═══ Records supplied

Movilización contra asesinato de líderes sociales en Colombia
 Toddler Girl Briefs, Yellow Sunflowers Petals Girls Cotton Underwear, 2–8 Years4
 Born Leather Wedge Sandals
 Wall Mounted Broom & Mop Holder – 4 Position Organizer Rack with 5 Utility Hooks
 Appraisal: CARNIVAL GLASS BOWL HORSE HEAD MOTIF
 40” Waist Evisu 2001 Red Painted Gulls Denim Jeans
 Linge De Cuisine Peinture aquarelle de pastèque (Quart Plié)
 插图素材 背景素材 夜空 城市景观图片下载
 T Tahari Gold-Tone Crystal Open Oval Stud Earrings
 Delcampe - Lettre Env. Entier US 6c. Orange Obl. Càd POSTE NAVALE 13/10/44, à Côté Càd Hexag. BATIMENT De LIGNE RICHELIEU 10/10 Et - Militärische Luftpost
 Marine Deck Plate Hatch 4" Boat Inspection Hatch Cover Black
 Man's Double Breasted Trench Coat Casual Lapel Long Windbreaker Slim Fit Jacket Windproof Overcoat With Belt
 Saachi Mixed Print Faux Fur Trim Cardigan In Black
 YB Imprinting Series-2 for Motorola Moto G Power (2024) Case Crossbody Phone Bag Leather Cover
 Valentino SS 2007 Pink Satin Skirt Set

══════

Directions: From the records, copy out each line that includes the string "Cover".

Solution to this task:
 Marine Deck Plate Hatch 4" Boat Inspection Hatch Cover Black
 YB Imprinting Series-2 for Motorola Moto G Power (2024) Case Crossbody Phone Bag Leather Cover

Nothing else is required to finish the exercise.